Crawled caption data
▽

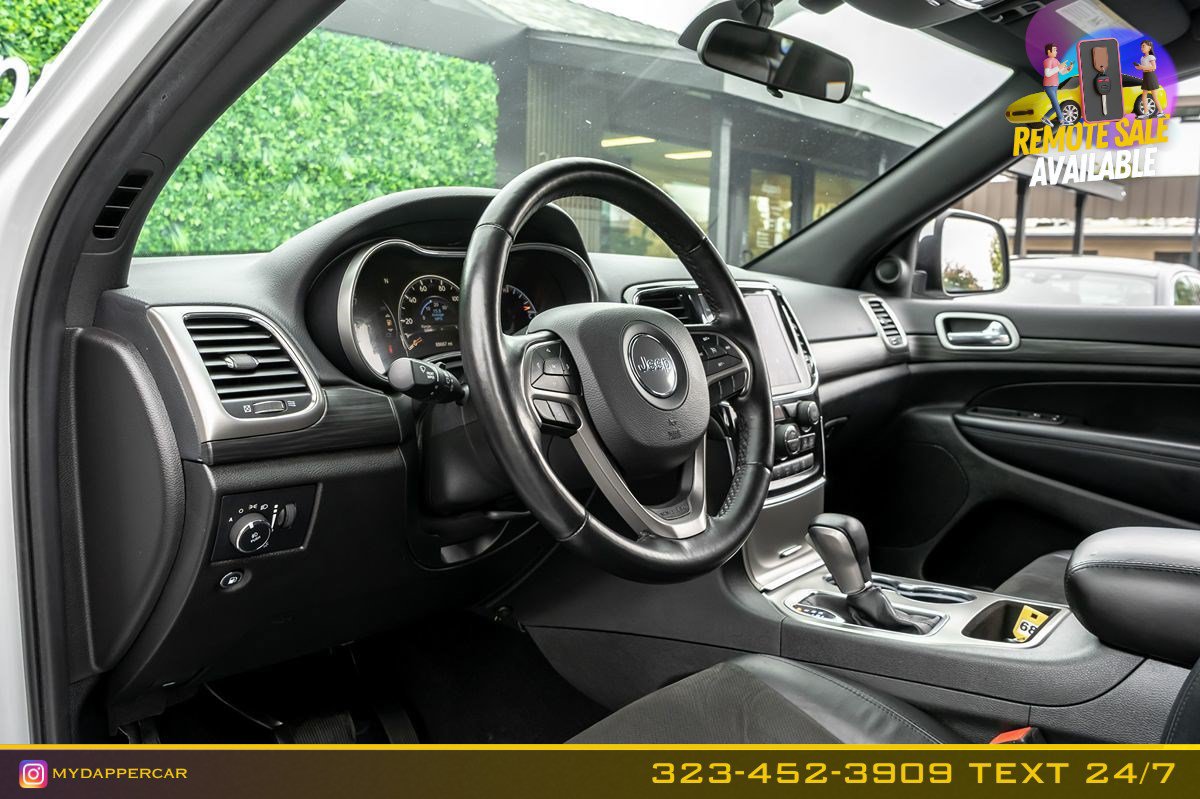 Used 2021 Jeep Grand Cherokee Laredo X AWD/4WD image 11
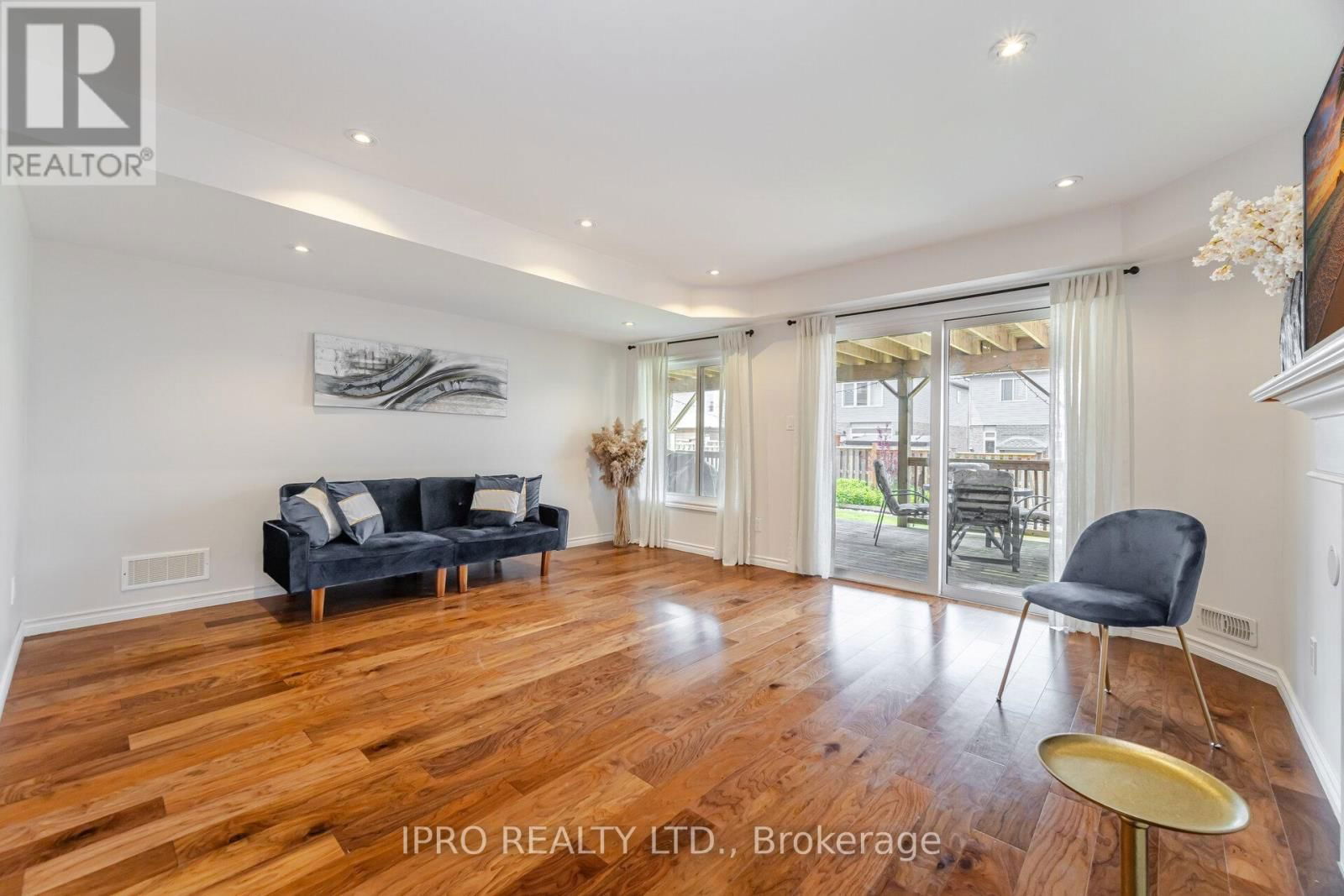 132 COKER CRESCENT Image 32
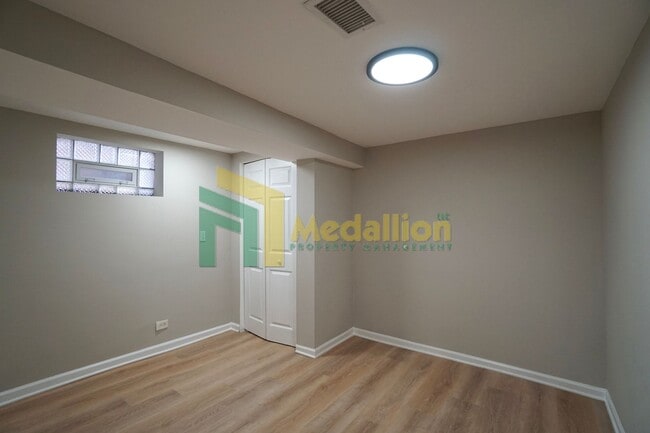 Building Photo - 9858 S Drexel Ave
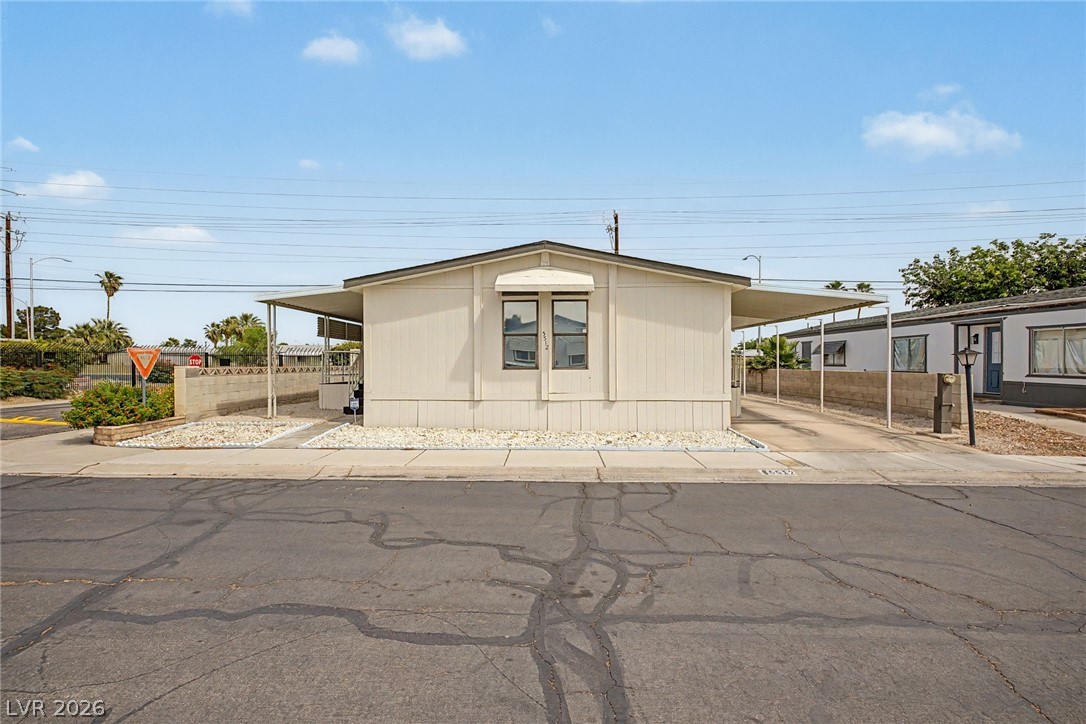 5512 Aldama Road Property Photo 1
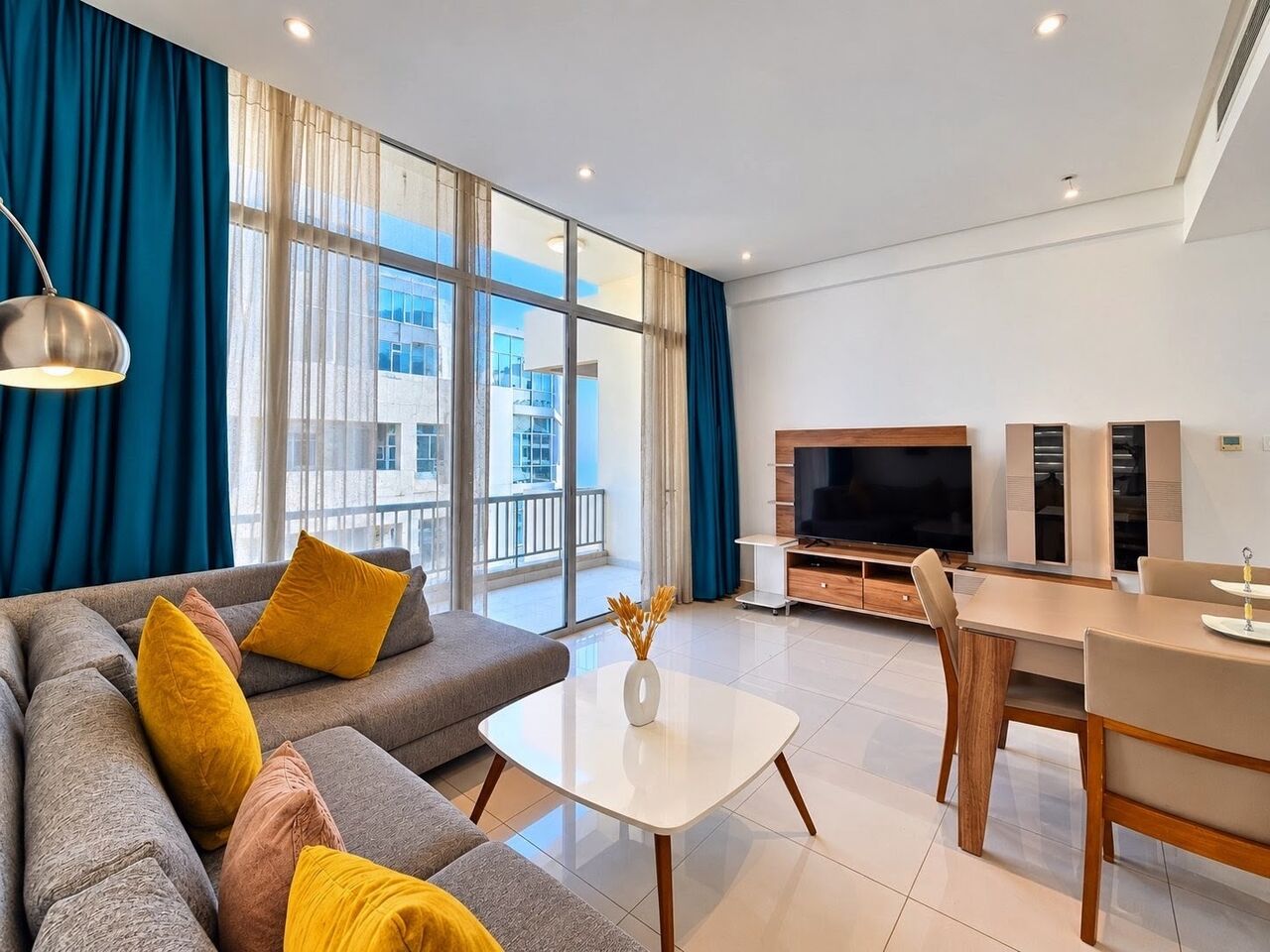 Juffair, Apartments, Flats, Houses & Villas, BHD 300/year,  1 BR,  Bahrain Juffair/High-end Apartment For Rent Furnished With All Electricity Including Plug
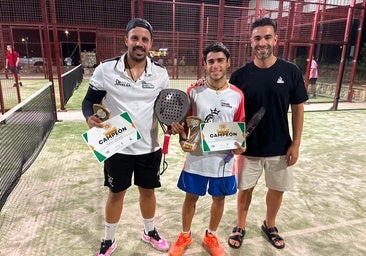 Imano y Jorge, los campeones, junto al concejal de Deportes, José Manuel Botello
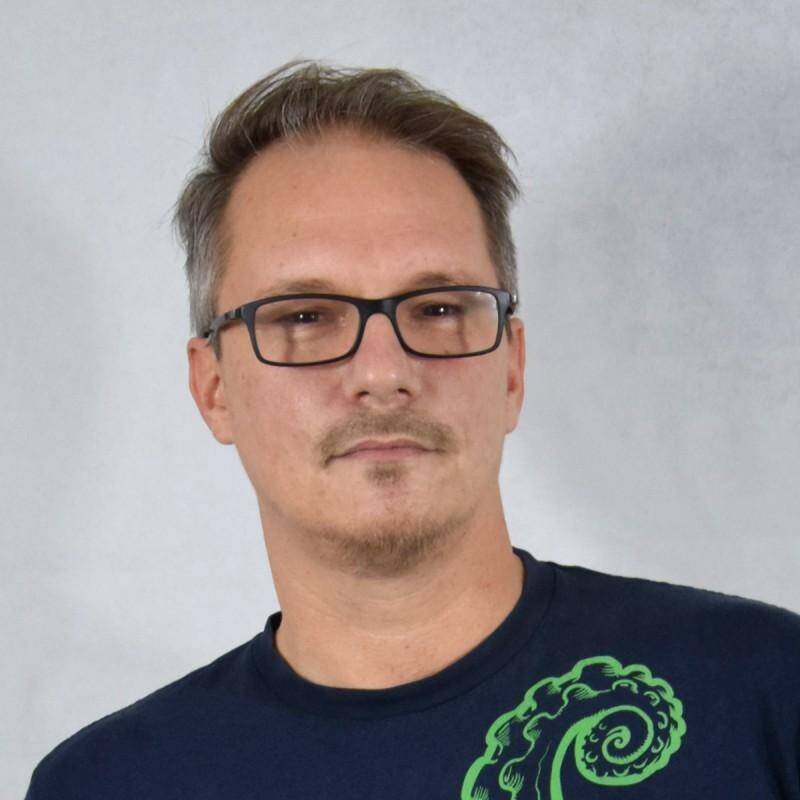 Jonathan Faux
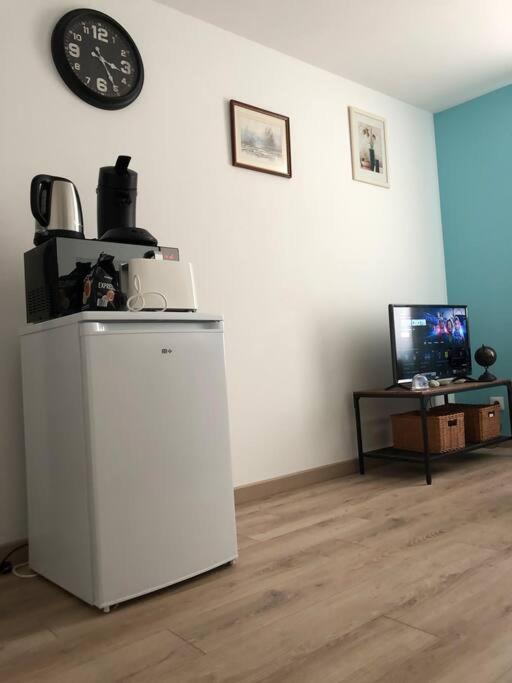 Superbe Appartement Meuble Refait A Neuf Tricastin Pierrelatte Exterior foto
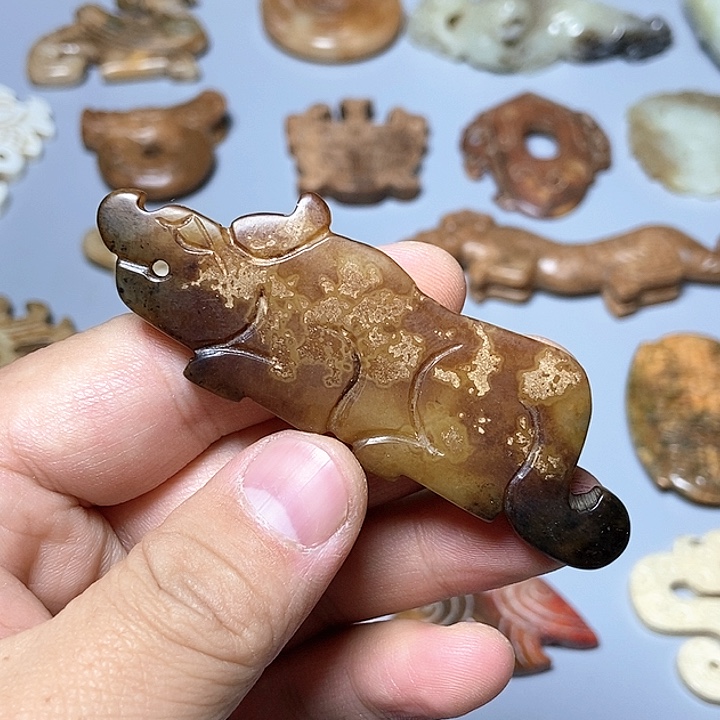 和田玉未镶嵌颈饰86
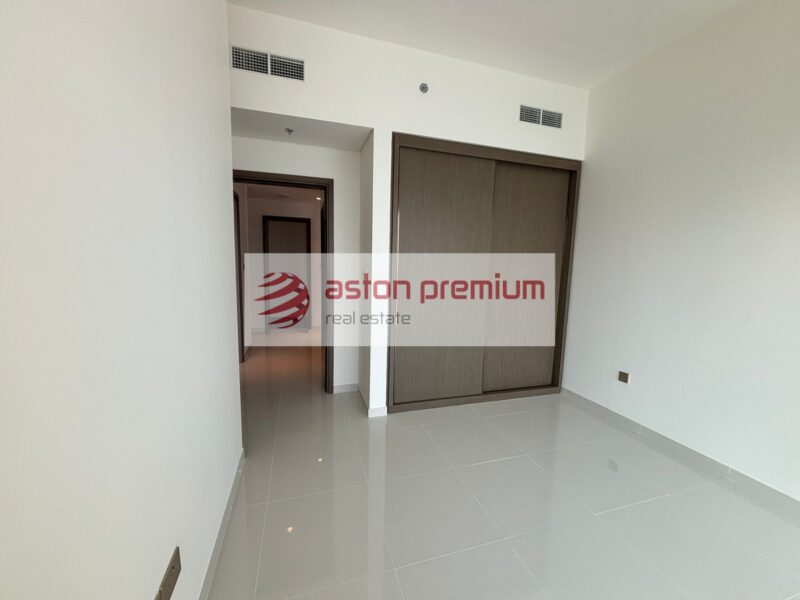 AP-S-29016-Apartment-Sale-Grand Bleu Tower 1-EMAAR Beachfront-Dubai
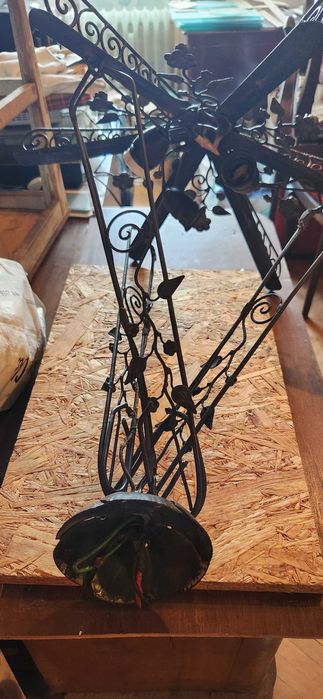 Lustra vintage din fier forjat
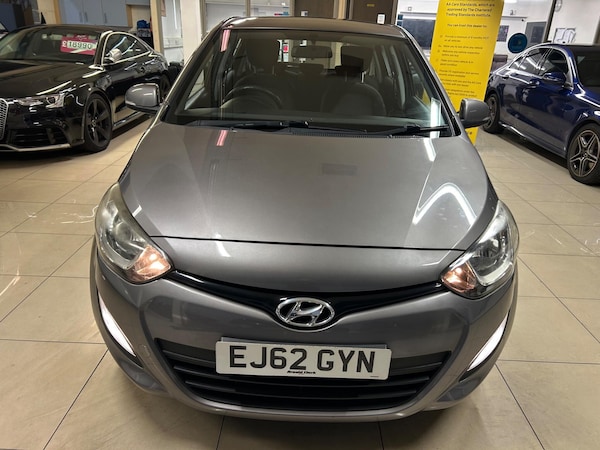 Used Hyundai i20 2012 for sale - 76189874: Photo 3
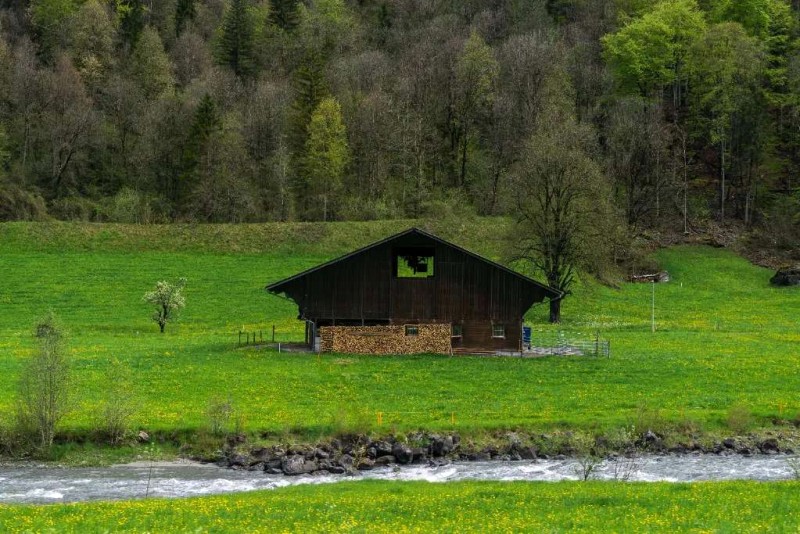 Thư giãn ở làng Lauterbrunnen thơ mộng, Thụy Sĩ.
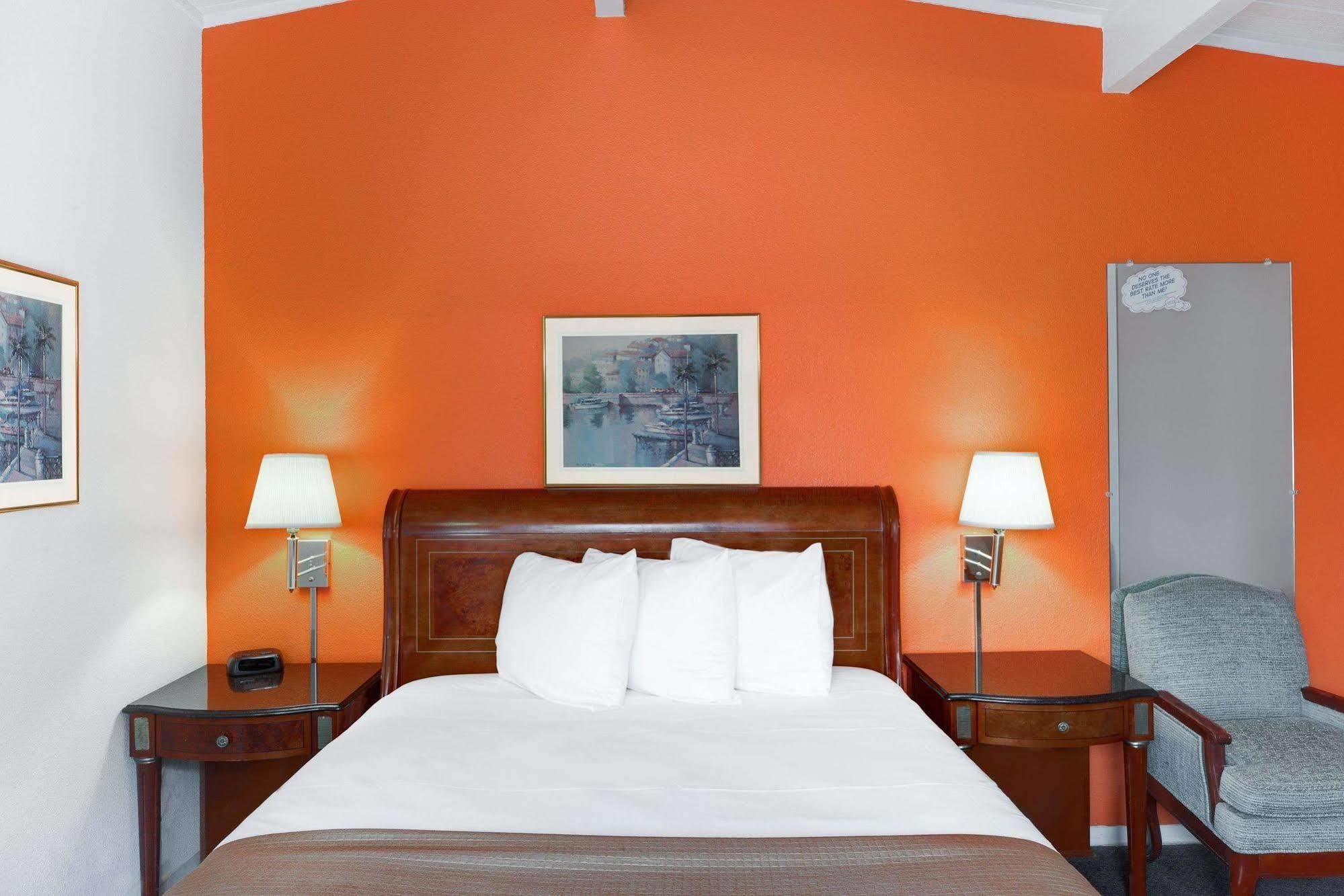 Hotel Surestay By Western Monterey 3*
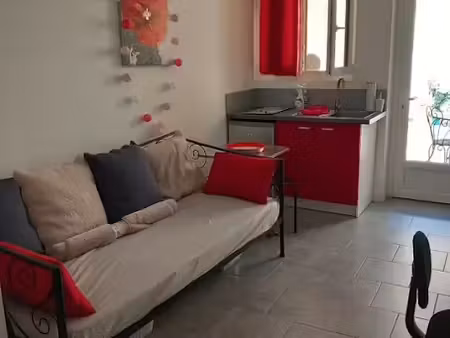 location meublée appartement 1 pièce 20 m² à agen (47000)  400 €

△

Work item: Reproduce all entries without any change, and omit the pictures.

Solution below:
 Used 2021 Jeep Grand Cherokee Laredo X AWD/4WD image 11
 132 COKER CRESCENT Image 32
 Building Photo - 9858 S Drexel Ave
 5512 Aldama Road Property Photo 1
 Juffair, Apartments, Flats, Houses & Villas, BHD 300/year,  1 BR,  Bahrain Juffair/High-end Apartment For Rent Furnished With All Electricity Including Plug
 Imano y Jorge, los campeones, junto al concejal de Deportes, José Manuel Botello
 Jonathan Faux
 Superbe Appartement Meuble Refait A Neuf Tricastin Pierrelatte Exterior foto
 和田玉未镶嵌颈饰86
 AP-S-29016-Apartment-Sale-Grand Bleu Tower 1-EMAAR Beachfront-Dubai
 Lustra vintage din fier forjat
 Used Hyundai i20 2012 for sale - 76189874: Photo 3
 Thư giãn ở làng Lauterbrunnen thơ mộng, Thụy Sĩ.
 Hotel Surestay By Western Monterey 3*
 location meublée appartement 1 pièce 20 m² à agen (47000)  400 €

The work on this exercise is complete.